Recently I enjoyed an unusual, solitary experience on a day in San Francisco when shops were closed because of a holiday. This allowed me to wander undisturbed down one of my favorite streets in Pacific Heights. The area is predominantly residential with many beautiful Victorians and some modern lofts perched above the occasional boutique. A neighborhood most of us can only aspire to, the shops cater to the most sophisticated and high-ticket clients.
An antique tobacco rack makes a wonderful contemporary window dressing
When but on a day like this could I peek and peer to my heart’s content without anyone thinking me strange? I could easily take photographs as well, which on busy days could rouse a shop owner to become suspicious of my motives!
Repetition of the same type of item – like these wood utensils – makes a bold design statement
I was looking for MARCH, which reopened last year in a new incarnation focusing on kitchen, pantry, table, and open plan living. The windows display rustic, yet elegant and minimalist pieces. (My favorite “glimpse” was an oversized, hanging, tobacco drying rack.) It feels very contemporary but with large scale, hand-hewn items like butcher-block tables, and classics like a huge AGA cooker.
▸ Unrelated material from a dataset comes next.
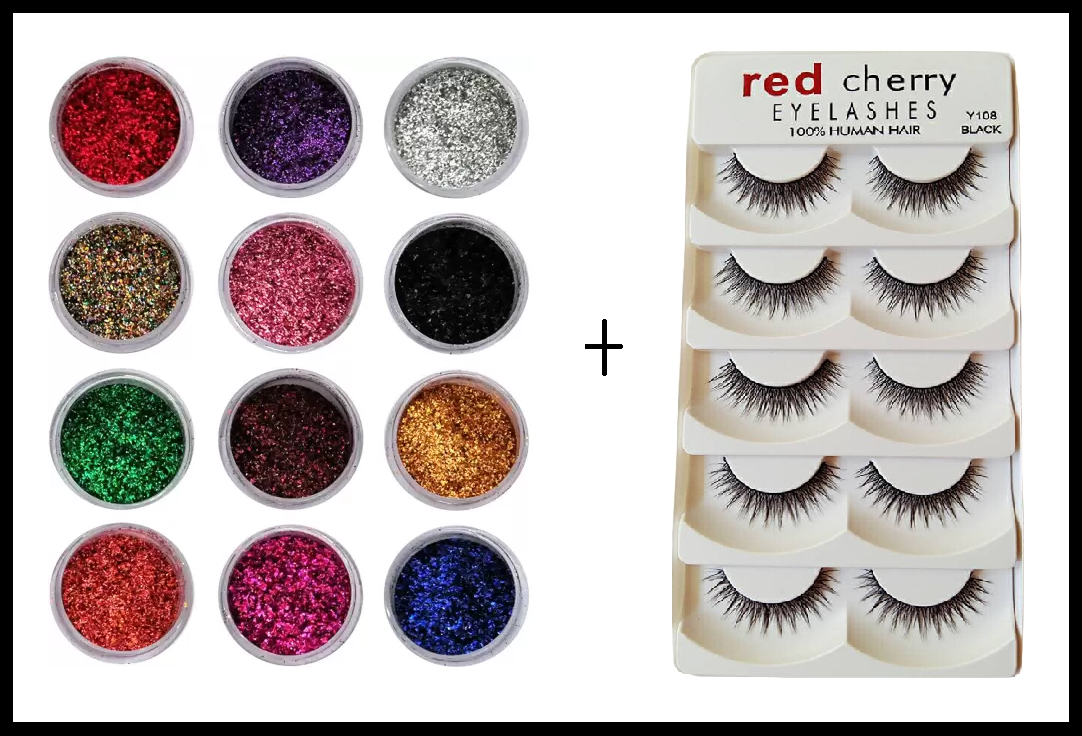 Combo of MUA Glitter Eyeshadow 12pcs set - eyeshadow palette and Eye lashes.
The interior space is light and bright, with white subway tile and woodwork creating a clean, minimal canvas to display the fabulous items here – practically like visiting an art gallery! The furniture and accessories seem to float in space.
The ordinary, everyday kitchen objects are not only functional, but exquisite. And they seem to resonate with historical significance. I particularly loved the display of wooden utensils hanging along one wall. MARCH also boasts a “Pantry” section with a signature line of jams, vinegars, and spices.
Sam Hamilton, the owner of MARCH who once interned at Chez Panisse, wanted to use her shop to highlight San Francisco’s contribution to food culture — slow food, locally sourced – and to draw attention to the independent, stylish shopping of Sacramento Street. Mission accomplished… this is sophisticated design right in the heart of San Francisco!
At ANTHEM, a family owned shop with a whole team of design professionals, founder Janelle Loevner has created a wonderful gallery of eclectic items gleaned from all over the globe. There is something here to inspire the designer in everyone!
ANTHEM facade offers its own design inspiration
Based on its façade, ANTHEM feels very neoclassical, but with clever twists on old classics. It, too, had a bright white interior — a backdrop that allows the impact of the antiques, furniture, and accessories housed within to shine. The emphasis here is on neutrals, natural materials, and layered metallics. Loevner has added exotic details to contemporary design and displays items ranging from African kudu horns to Spanish hand-woven textiles.
Next trip I’ll definitely poke around inside these stores to explore more thoroughly, but as I suspected, even window shopping at unique and trend-setting boutiques offers its own design inspiration!